### What to produce
From the listing below, please restate exactly the lines beginning at the one with "The Star Fish Romper // Yoli" and ending at the one with "Tênis Nike Masculino", both included, and skip the pictures.

### Dataset
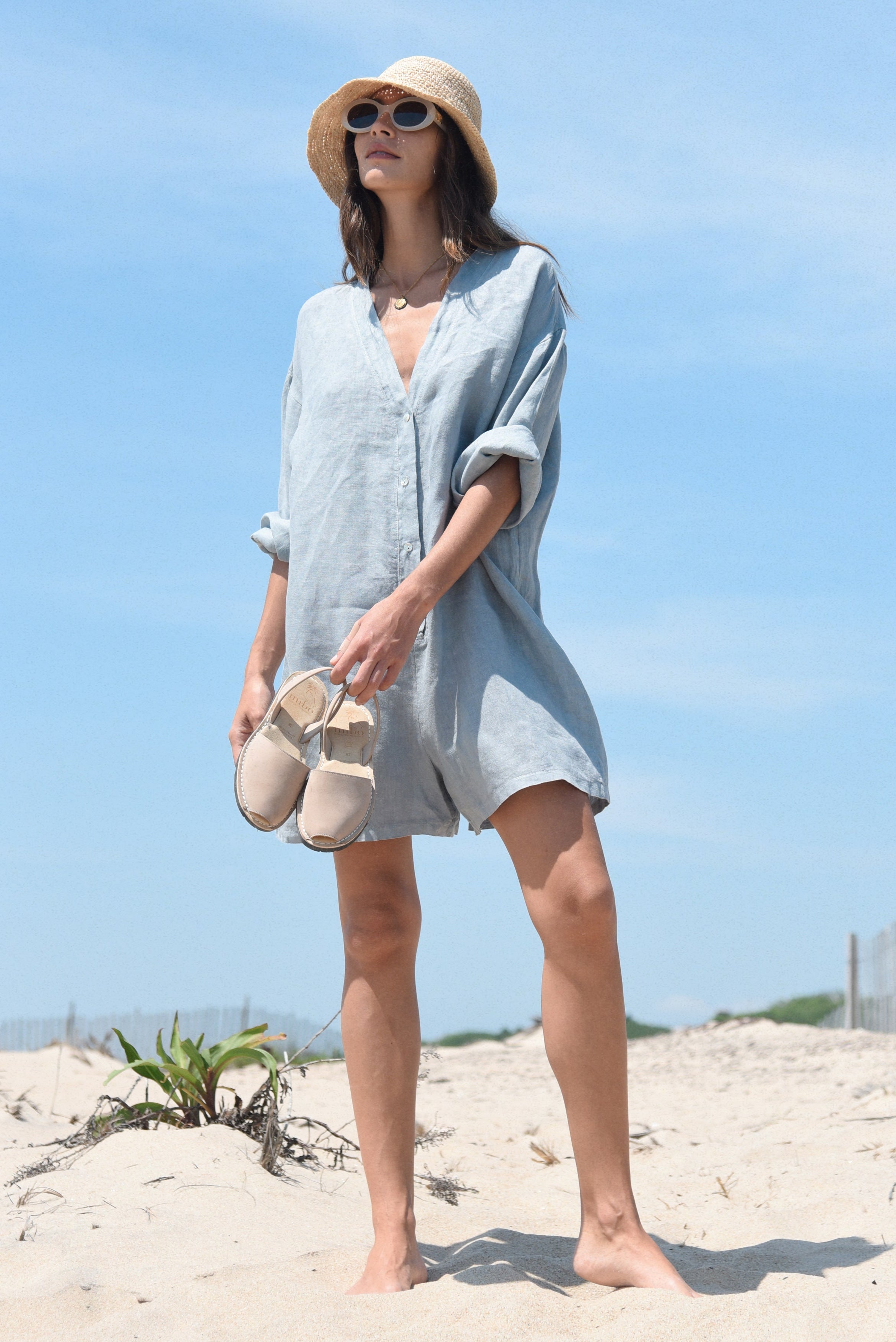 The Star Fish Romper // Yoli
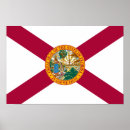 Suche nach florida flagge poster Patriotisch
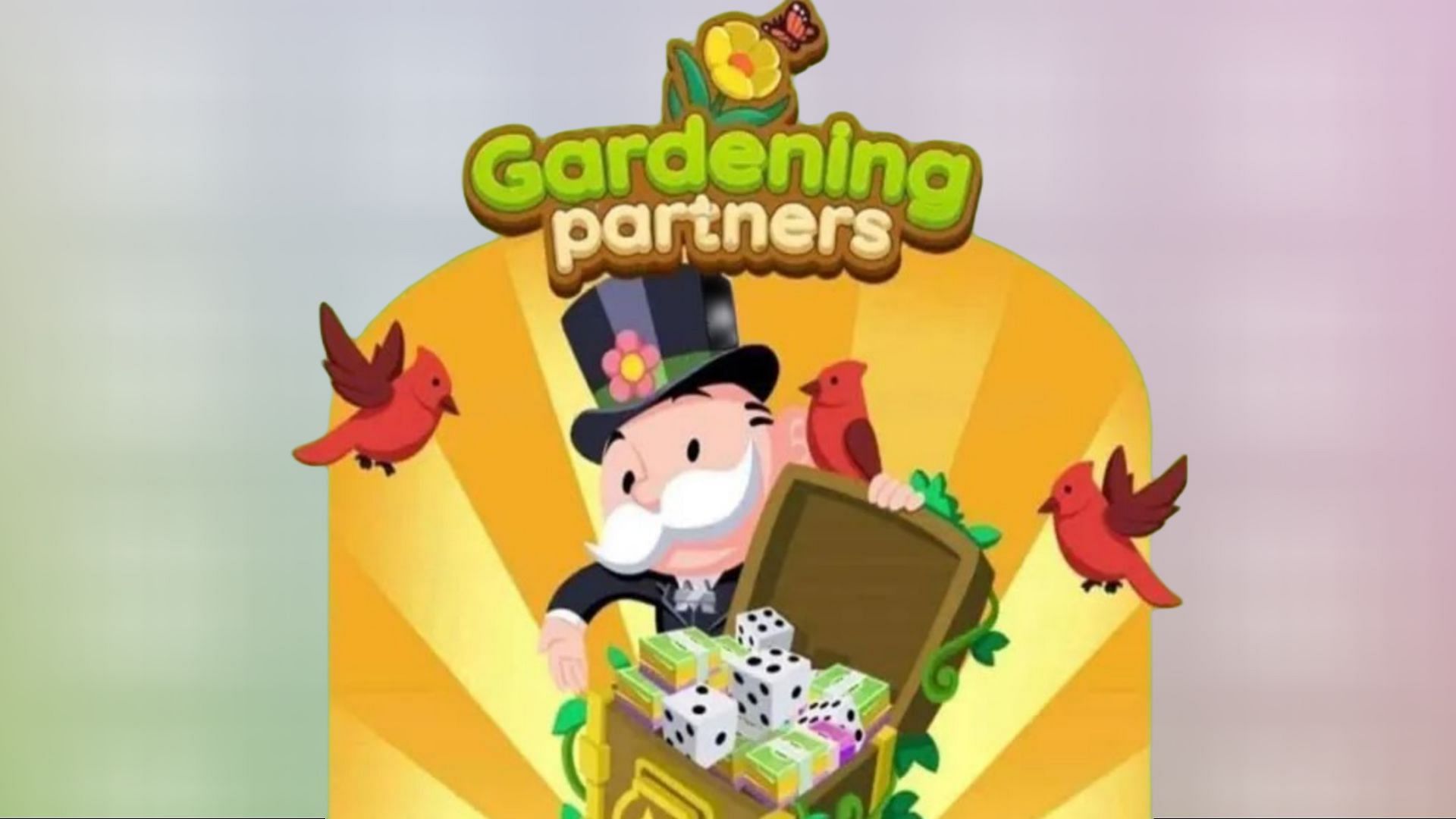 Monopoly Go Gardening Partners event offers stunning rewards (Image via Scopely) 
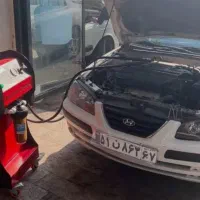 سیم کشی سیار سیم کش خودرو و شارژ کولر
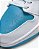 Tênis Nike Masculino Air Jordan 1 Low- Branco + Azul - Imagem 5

...

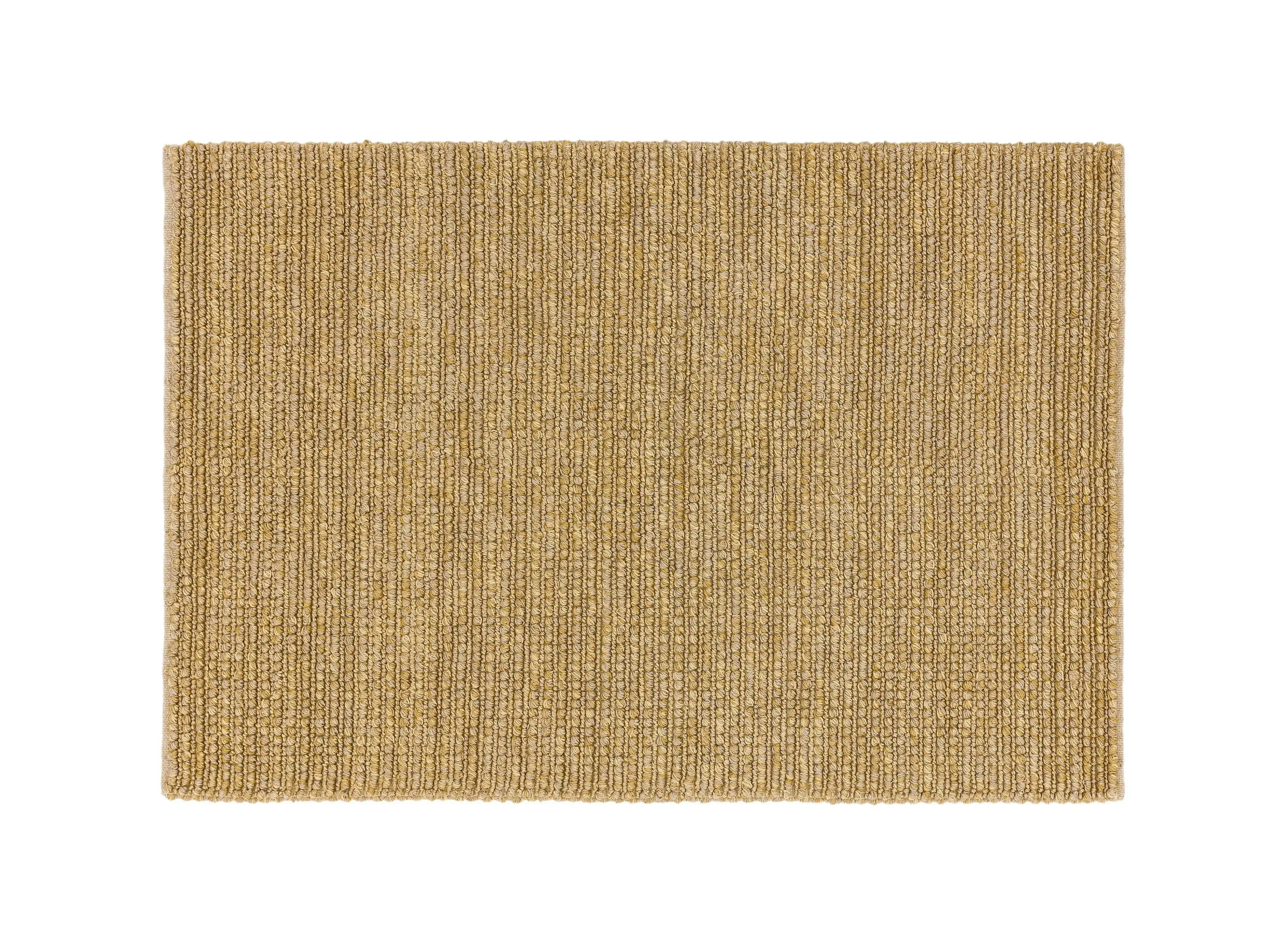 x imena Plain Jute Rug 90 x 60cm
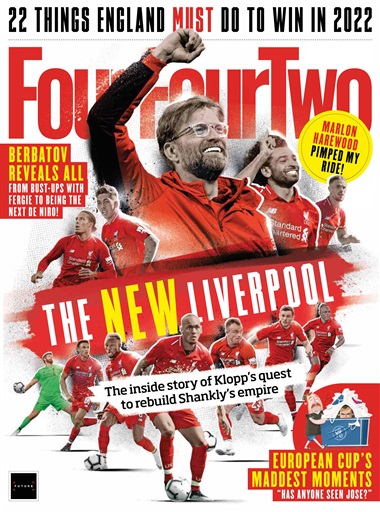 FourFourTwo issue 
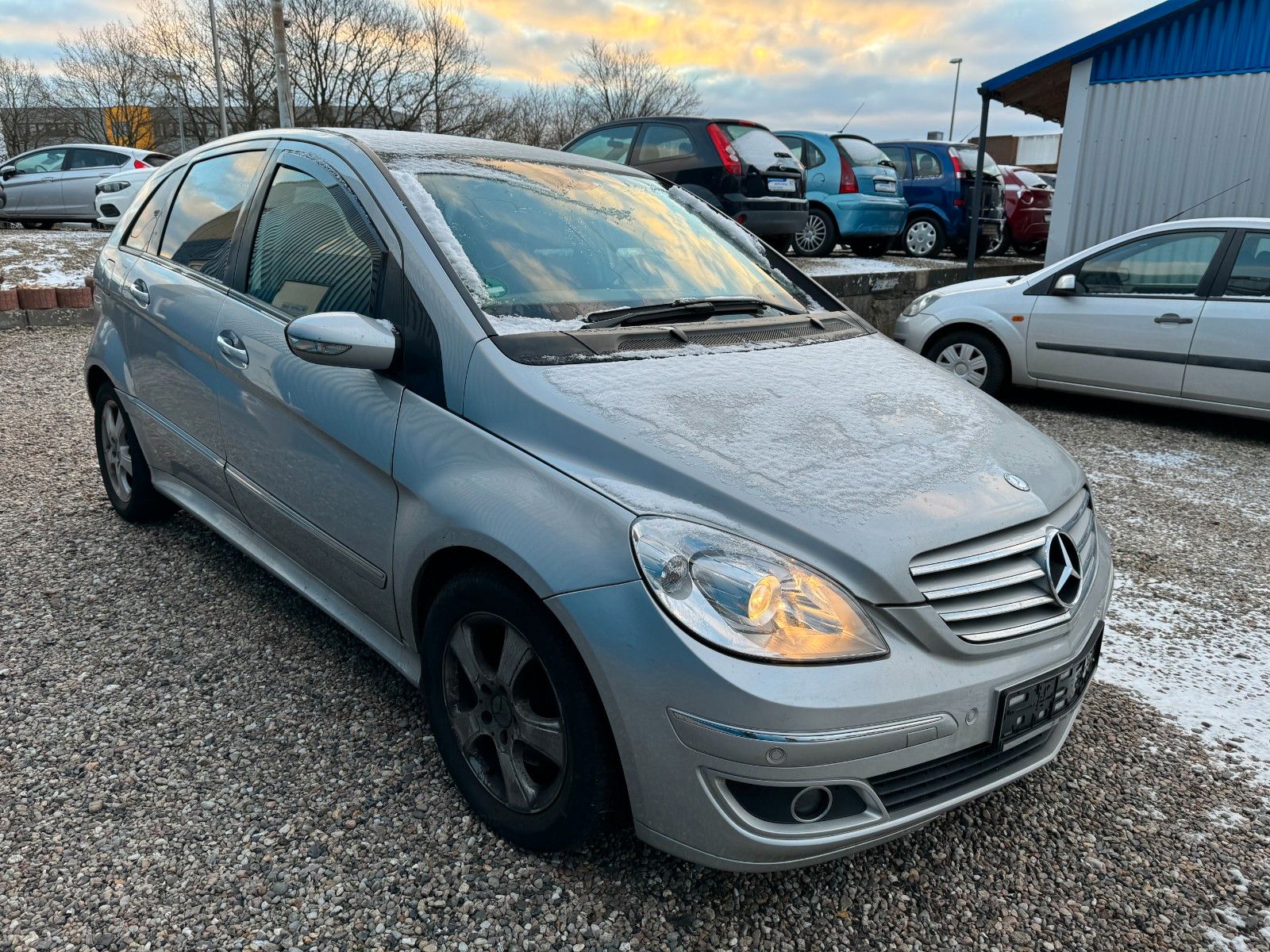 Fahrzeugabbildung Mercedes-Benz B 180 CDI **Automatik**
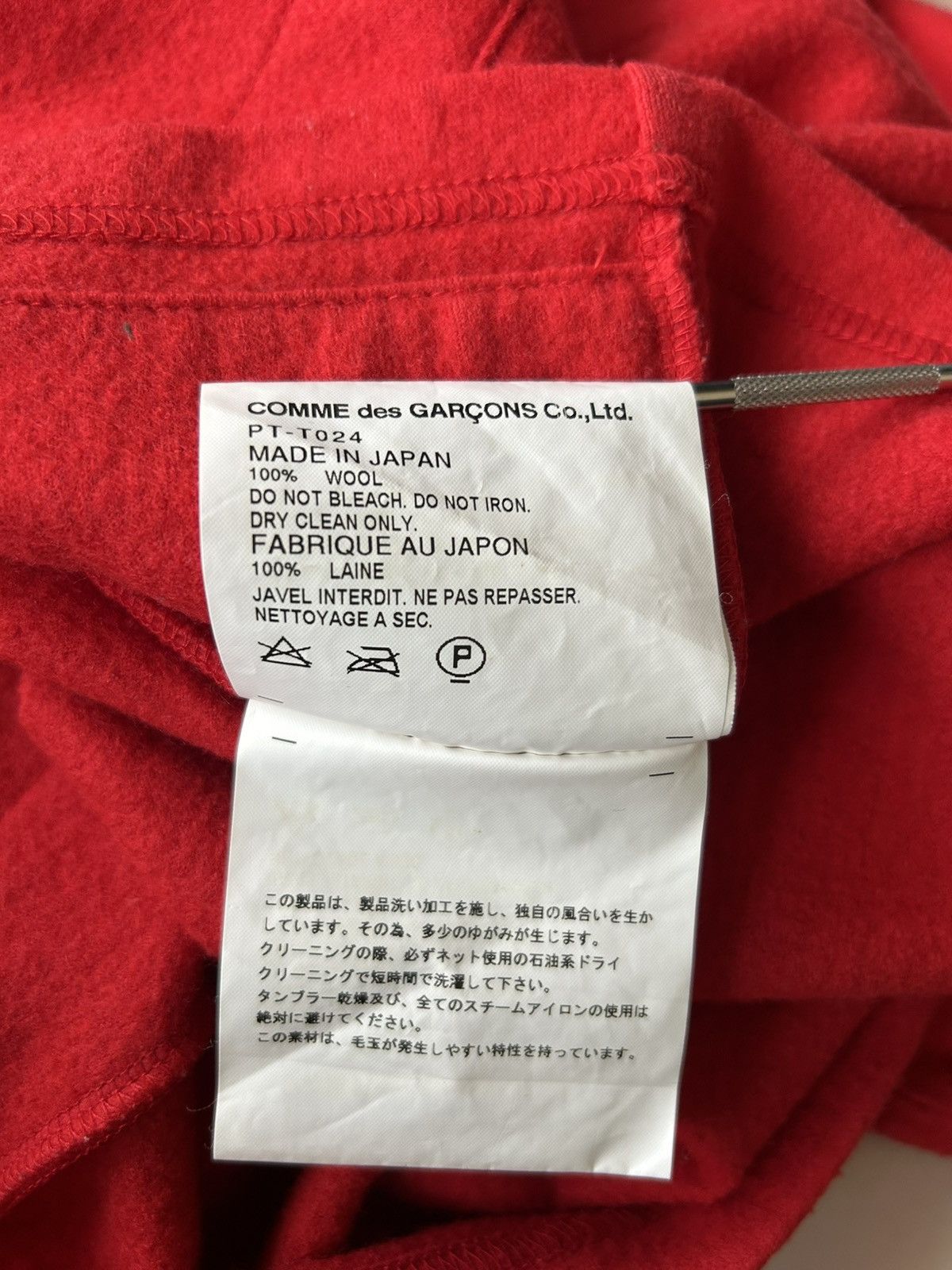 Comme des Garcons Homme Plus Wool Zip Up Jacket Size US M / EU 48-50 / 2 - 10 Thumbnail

### Finished exercise
 The Star Fish Romper // Yoli
 Suche nach florida flagge poster Patriotisch
 Monopoly Go Gardening Partners event offers stunning rewards (Image via Scopely) 
 سیم کشی سیار سیم کش خودرو و شارژ کولر
 Tênis Nike Masculino Air Jordan 1 Low- Branco + Azul - Imagem 5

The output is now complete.